Il 17 settembre Morales è partito con migliaia di sostenitori da Caracollo, 190 chilometri a sud di La Paz, per raggiungere la sede del governo nella capitale, dove l’arrivo è previsto il 23 settembre. Il governo considera l’iniziativa un “tentativo di colpo di stato”.
Il 22 settembre alla periferia di El Alto, lungo il percorso della marcia, si sono verificati scontri tra i sostenitori di Morales e quelli di Arce, con otto feriti. I sostenitori dei due leader si erano già scontrati il 18 settembre a Vila Vila, causando, secondo il ministero della salute, ventisei feriti.
Prima di lanciare la sua “marcia per salvare la Bolivia”, Morales aveva detto ai suoi sostenitori che Arce “ha tradito il paese con la sua cattiva gestione e con la corruzione”.
Migliaia di indigeni stanno partecipando alla marcia innalzando bandiere della Bolivia, del Mas e la wiphala, la bandiera che rappresenta i popoli nativi delle Ande.

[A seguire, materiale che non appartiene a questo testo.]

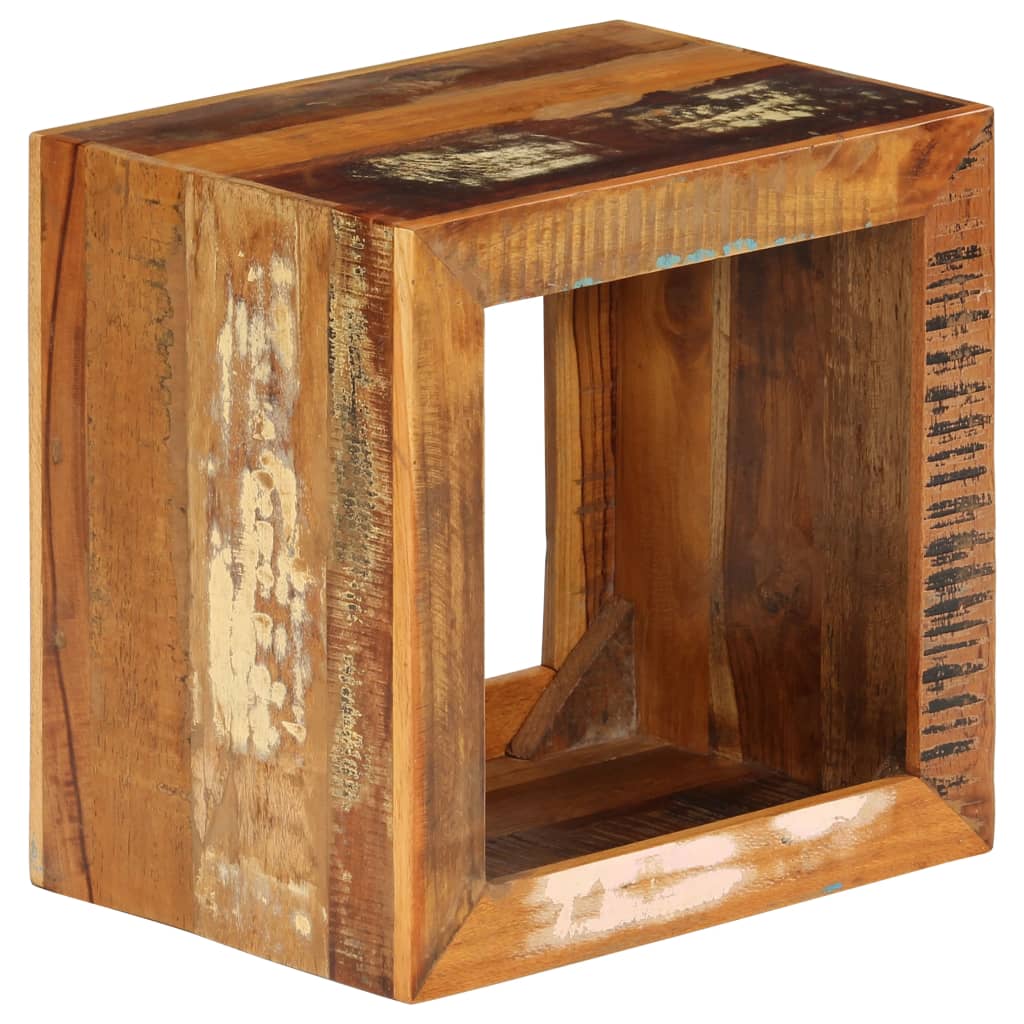 vidaXL Kruk 40x30x40 cm massief gerecycled hout
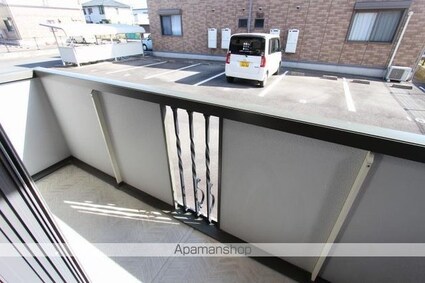 リジェール東山崎　Ａ・Ｂ[2DK/55.44m2]のバルコニー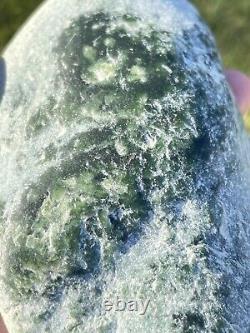 New Zealand Greenstone Jade MAORI Pounamu Nephrite NATURAL PEBBLE 140X70X42 510G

Gli scontri, che arrivano in un contesto di crisi economica, con carenze di dollari e carburante, sono il risultato delle crescenti tensioni tra Arce e Morales in vista delle presidenziali.
Morales, sostenuto da una parte del Mas, punta a candidarsi ignorando un divieto della giustizia.
Arce accusa invece il suo ex alleato di preparare un colpo di stato.